#### Given information:
········
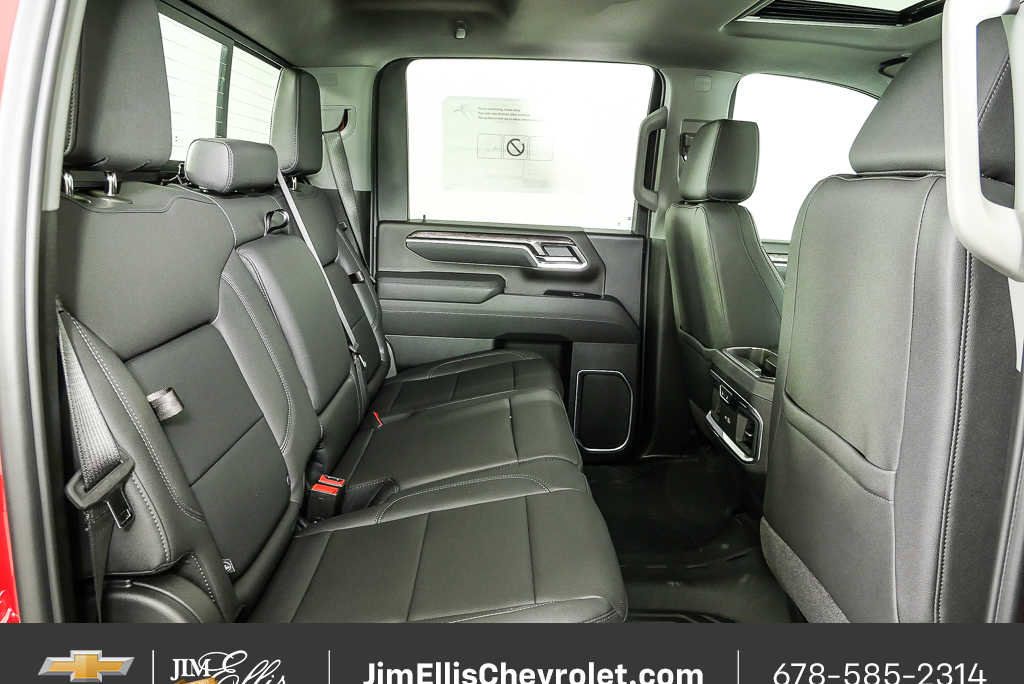 New 2026 Chevrolet Silverado 2500 LTZ image 22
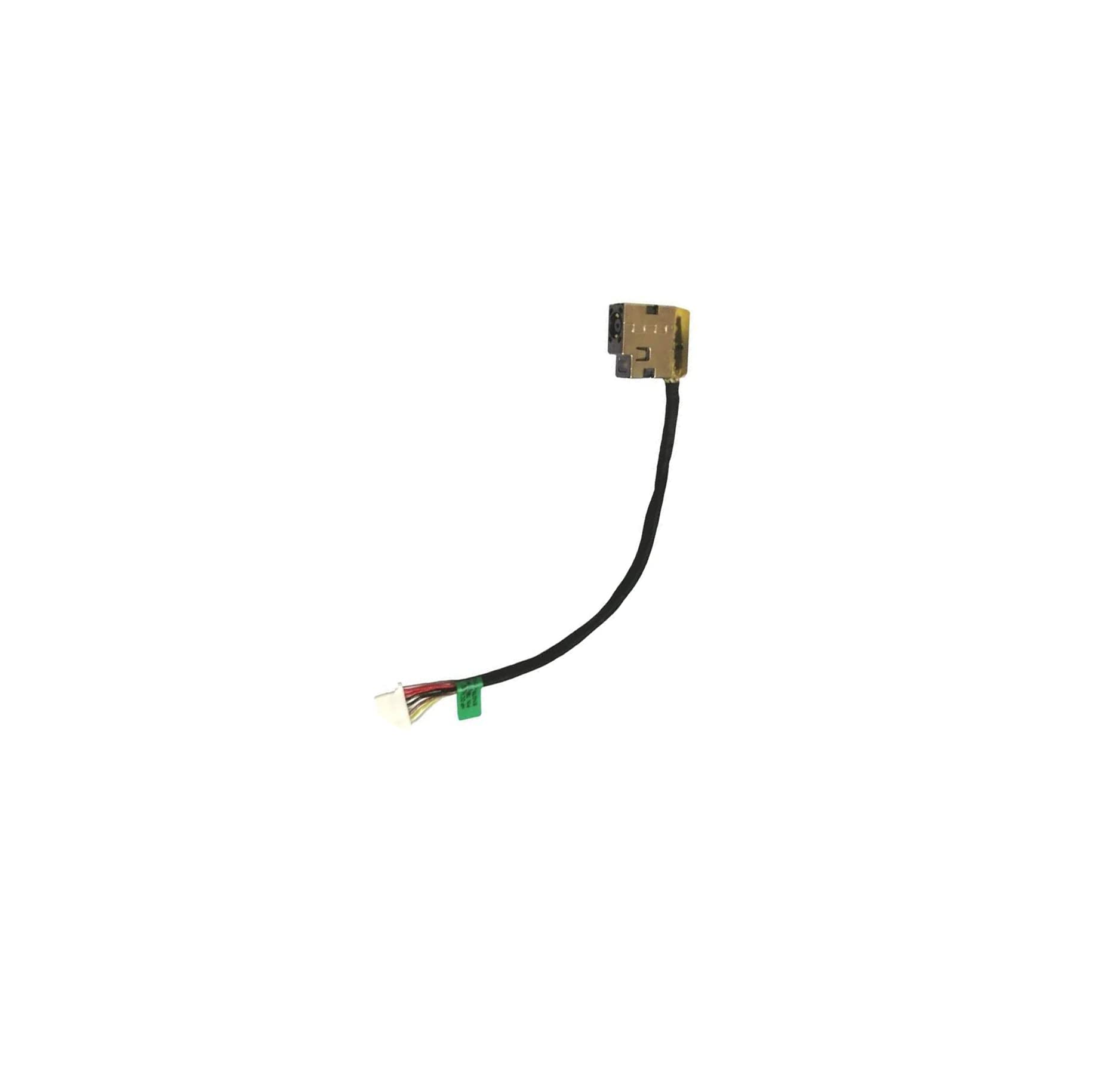 Laptop Power Jack Cable Socket For HP 240 246 250 255 G4 G5 799736-F57 813945-001 DC Jack Repair And Replacement In Nairobi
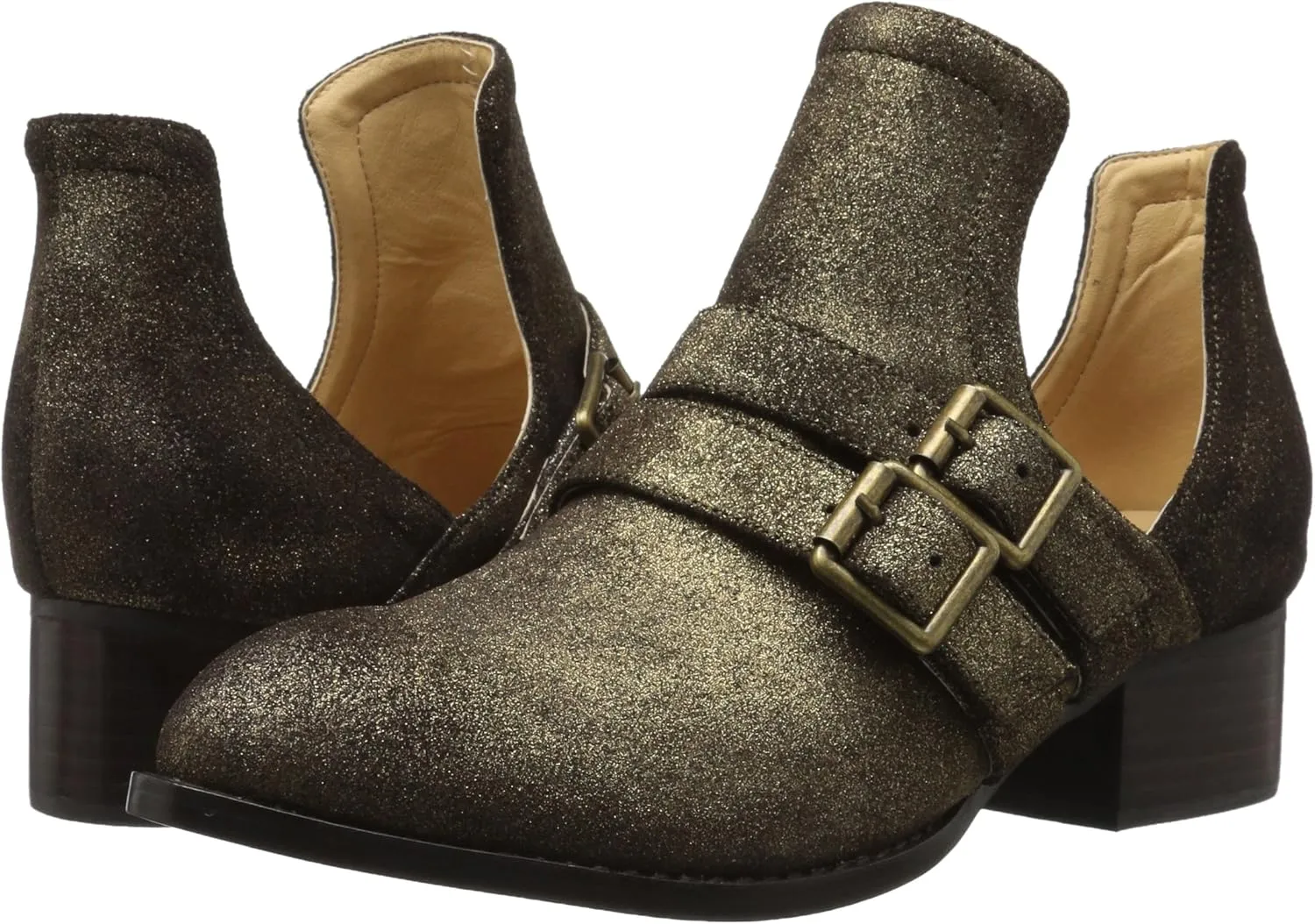 Sbicca Women's Forager Ankle Bootie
········
#### Task instructions:
The expected output is exactly the lines from the one containing "Laptop Power Jack" through the last line of the listing, both included, with every picture left out.

#### Result:
 Laptop Power Jack Cable Socket For HP 240 246 250 255 G4 G5 799736-F57 813945-001 DC Jack Repair And Replacement In Nairobi
 Sbicca Women's Forager Ankle Bootie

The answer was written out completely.